TIACA and Pharma.Aero have constituted a dedicated taskforce, composed of industry representatives and members of both associations for Project Sunrays, which aims to establish useful guidelines for the proper handling, storage, and transportation of huge volumes of COVID-19 vaccines once they are available.

As part of the work packages, we have rolled out a global air cargo readiness survey in September to understand our air cargo industry’s preparedness on the COVID-19 vaccines supply chain requirements, as well as their responses and strategies towards the challenge. There was a strong concern for the lack of readiness for COVID-19 vaccines logistics, especially with only 28% of the industry feeling well-informed and prepared back then.

The main cause was the list of unknowns and lack of information from the shippers. The more away the pharma shippers were in the operational activity chain, the less prepared the air freight providers felt.

Currently, we are establishing a second review of the preparedness of the industry, in which we will evaluate the progress of the state of preparedness by the industry in comparison with the first findings, since more information is now available. Subsequently, Project Sunrays will bring forward a few white papers for the industry with findings and recommendations we could generate along this project.

For a ‘smart ecosystem’ in global shipping to take form, it would require transparency among various players and data-sharing between competitors. How do you think air cargo can tackle the issue of trust?

Pharma.Aero created the basis for a multilayer holistic model, sharing data of different operators and sources as overview of the air freight supply chain, through projects Digi 1.0 and DIGI 2.0. From a conceptual business idea, we moved to a prototyping model, resulting in what became the Global Pharma Tracker (GPT). We learned two important things:

  1. Technology is just the enabler.
  2. There needs to be sharing of common objectives and top-down buy in. Strong data governance would help to set the stage.

Today, through the pandemic situation, the airfreight industry is more important than ever before. As an industry, if we show that we are able to collaborate and share crucial information where needed, we have the unique opportunity to gain the necessary trust of customers. To have a strong network of sharing and collaborating together has become a must-to-have. The role of pharma shippers is pivotal, especially their request to collaborate as an industry will help us to provide them the necessary operational insights through sharing data and collaboration.
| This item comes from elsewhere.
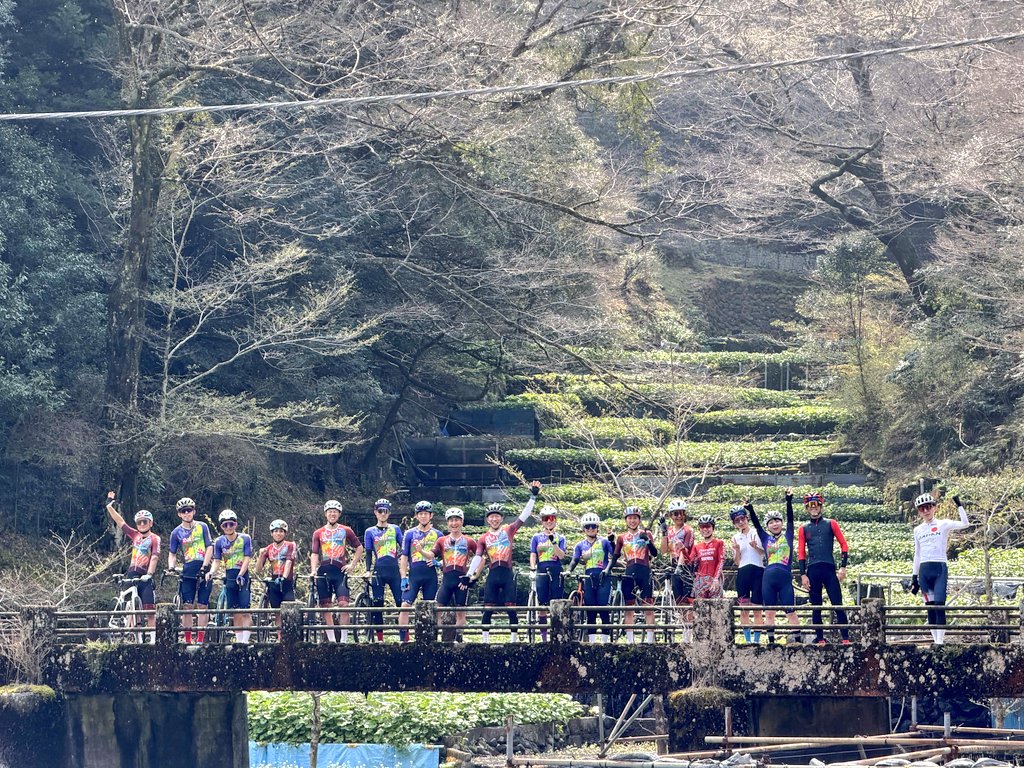 まさトゥー tweet media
What permanent changes do you expect to see in the air cargo sector in a post-pandemic world?

The disruption this pandemic caused will definitely reshape the air freight industry landscape and the entire way the industry works. I think, we might see a strong acceleration of the digitalisation process, and this would be for two main reasons:

  1. To work within an industry heavily depending still on paper works and physical handover moments is just not feasible and outdated.
  2. The need for end-to-end visibility and the ability to provide real-time information is more imperative than ever, especially so with the COVID-19 vaccines distribution, both quality wise as well as from the viewpoint of securing this high-value shipment.

What is the measure of vision during your term as Secretary General of Pharma.Aero?

In my position and term as Secretary General of Pharma.Aero, my vision underlines the need for an ongoing and increased collaboration between the different operators and players of the life science and MEDtech air freight industry.

Together with the Board of Directors, aligned and motivated to lead our association, our vision is to keep a healthy balance between growth in members and, at the same time, creating valuable content for the industry through different projects. For me, the relevance of the projects we present as an organisation is of major focus.

A more intensified engagement of members is needed in what we do and represent. At the end of the day, we are supposed to represent in a neutral way, the voice of the industry through our members and their insights. The fact that we can orchestrate their collaboration enlarges the impact of what we do.